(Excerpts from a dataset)

——

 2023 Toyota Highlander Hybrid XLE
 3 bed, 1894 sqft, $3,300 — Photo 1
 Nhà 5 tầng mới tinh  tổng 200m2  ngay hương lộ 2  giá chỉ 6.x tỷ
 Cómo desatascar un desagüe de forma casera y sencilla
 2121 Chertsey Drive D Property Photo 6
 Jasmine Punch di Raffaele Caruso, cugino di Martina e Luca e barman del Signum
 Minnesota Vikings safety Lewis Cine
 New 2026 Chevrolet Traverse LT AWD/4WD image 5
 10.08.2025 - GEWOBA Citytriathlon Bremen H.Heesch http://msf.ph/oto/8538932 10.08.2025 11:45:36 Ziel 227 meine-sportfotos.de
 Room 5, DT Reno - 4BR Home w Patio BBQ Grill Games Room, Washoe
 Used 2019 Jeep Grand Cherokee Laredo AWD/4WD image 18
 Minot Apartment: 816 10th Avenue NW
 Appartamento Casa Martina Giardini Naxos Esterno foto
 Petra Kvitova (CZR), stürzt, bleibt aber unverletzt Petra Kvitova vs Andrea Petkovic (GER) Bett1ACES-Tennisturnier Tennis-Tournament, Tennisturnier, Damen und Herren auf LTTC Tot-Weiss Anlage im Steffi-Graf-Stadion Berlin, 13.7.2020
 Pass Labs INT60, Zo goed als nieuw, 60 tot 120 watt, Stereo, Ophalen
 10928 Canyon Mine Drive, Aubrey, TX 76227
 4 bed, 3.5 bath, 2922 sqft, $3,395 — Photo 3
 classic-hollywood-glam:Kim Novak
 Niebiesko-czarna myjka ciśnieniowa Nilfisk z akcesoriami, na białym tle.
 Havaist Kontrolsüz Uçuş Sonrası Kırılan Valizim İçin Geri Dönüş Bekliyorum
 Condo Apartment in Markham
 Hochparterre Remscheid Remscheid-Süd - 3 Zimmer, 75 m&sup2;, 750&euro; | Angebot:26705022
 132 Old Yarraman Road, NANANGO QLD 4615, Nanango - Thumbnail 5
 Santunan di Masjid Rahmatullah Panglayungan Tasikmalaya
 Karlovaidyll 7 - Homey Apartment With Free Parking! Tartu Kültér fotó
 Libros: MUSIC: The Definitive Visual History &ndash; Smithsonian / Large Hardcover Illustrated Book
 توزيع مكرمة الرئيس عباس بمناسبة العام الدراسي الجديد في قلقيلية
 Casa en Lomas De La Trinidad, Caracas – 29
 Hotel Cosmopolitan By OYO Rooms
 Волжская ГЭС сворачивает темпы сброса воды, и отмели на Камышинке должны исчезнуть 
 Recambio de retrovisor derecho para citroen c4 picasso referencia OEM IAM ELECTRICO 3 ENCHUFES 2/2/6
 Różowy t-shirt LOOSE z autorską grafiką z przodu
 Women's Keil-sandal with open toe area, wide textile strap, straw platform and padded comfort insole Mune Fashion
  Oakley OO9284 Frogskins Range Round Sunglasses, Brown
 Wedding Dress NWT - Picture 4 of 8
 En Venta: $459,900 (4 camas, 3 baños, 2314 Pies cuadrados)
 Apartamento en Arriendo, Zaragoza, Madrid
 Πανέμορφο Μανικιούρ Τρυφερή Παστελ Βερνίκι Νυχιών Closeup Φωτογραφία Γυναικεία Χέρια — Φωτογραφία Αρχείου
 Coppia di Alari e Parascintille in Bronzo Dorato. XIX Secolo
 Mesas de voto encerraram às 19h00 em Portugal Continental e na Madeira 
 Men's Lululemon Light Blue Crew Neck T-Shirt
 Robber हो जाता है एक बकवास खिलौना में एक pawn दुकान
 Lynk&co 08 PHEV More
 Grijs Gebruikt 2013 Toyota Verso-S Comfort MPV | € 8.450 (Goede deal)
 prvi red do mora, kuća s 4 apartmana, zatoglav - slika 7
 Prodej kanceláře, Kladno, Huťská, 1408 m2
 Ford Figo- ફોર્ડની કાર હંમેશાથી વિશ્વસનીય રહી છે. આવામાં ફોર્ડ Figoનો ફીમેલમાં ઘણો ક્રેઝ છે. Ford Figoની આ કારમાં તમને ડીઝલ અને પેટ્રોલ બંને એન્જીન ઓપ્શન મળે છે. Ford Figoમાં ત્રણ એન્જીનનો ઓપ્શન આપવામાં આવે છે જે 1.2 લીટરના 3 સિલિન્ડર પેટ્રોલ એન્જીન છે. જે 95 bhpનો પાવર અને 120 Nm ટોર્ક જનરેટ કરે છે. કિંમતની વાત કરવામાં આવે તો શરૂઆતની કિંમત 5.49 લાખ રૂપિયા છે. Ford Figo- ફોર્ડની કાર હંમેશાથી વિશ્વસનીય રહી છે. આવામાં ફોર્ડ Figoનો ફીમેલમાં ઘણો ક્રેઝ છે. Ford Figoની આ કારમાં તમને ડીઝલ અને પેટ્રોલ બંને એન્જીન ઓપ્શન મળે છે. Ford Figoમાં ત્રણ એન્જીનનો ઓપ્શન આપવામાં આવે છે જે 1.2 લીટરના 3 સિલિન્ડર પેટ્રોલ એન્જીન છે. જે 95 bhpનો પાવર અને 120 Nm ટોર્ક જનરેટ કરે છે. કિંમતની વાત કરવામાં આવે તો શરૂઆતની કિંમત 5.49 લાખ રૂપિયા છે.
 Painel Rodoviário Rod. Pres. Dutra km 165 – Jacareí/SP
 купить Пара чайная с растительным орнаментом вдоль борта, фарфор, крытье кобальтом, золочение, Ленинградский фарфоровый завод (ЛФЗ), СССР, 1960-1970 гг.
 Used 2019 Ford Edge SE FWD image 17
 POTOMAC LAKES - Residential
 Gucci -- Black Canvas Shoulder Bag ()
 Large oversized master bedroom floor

——

YOUR INSTRUCTIONS
Pull every line with the string "Large" from the data above.

WORKED SOLUTION
 Libros: MUSIC: The Definitive Visual History &ndash; Smithsonian / Large Hardcover Illustrated Book
 Large oversized master bedroom floor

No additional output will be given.